I’ve been working on an unbalanced binary classification problem, where true to false ratio is 9:1, and my input is 20 dim tabular data. In order to handle this imbalanced dataset, I decided to use Focal loss. My implementation of this metric is a PyTorch adaptation of the Tensorflow one.

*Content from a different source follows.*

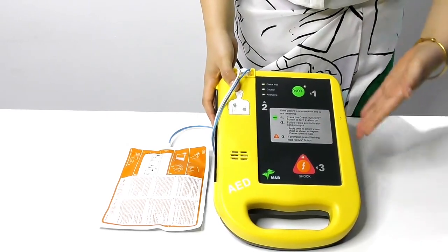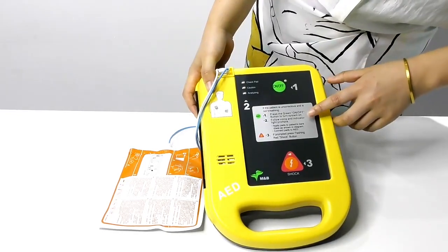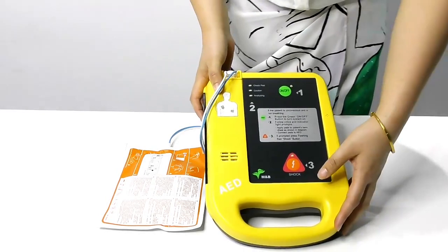The second step, it will analyze. We can follow the voice and indicator lights prompts. It's very easy to operate.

I made a couple of tests and the outcome of my focal loss implementation is the same as the one produced by the TensorFlow one.

```
class FocalLoss(nn.Module):
"""
Weighs the contribution of each sample to the loss based in the classification error.
:gamma: Focusing parameter. gamma=0 is equivalent to BCE_loss
"""
def __init__(self, gamma, eps=1e-6):
super(FocalLoss, self).__init__()
self.gamma = gamma
def forward(self, y_pred, y_true):
y_true = y_true.float()
pred_prob = torch.sigmoid(y_pred)
ce = nn.BCELoss(reduce=False)(pred_prob,y_true)
p_t = (y_true*pred_prob)+((1-y_true)*(1-pred_prob))
modulator = 1.0
if self.gamma:
modulator = torch.pow((1.0-p_t),torch.tensor(self.gamma).to(device) )
return torch.mean(modulator*ce)
```

My model is a simple n hidden layers, in this test n=4, fully connected NN with Relu activation. This architecture works reasonably fine when cross-entropy is used as a loss function.

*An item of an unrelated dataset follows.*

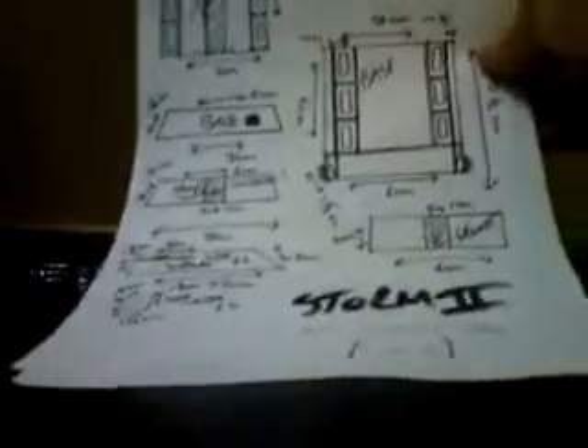The most important things you're going to need are these instructions that I've written myself. You can download those and print them off from the address below. There are two sheets and you will need them both. As you can see, the second sheet also has Storm 2's logos on it as well.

The figure below presents a gradient flow after one epoch. The value of validation loss approached 7e-12 and the validation accuracy is 50%.

I am using adam optimizer with lr=1e-4.

What do you think about my implementation of the Focal loss? Is it legit?

I am also using a class balanced sampler, therefore each batch contains an equal number of true and false examples.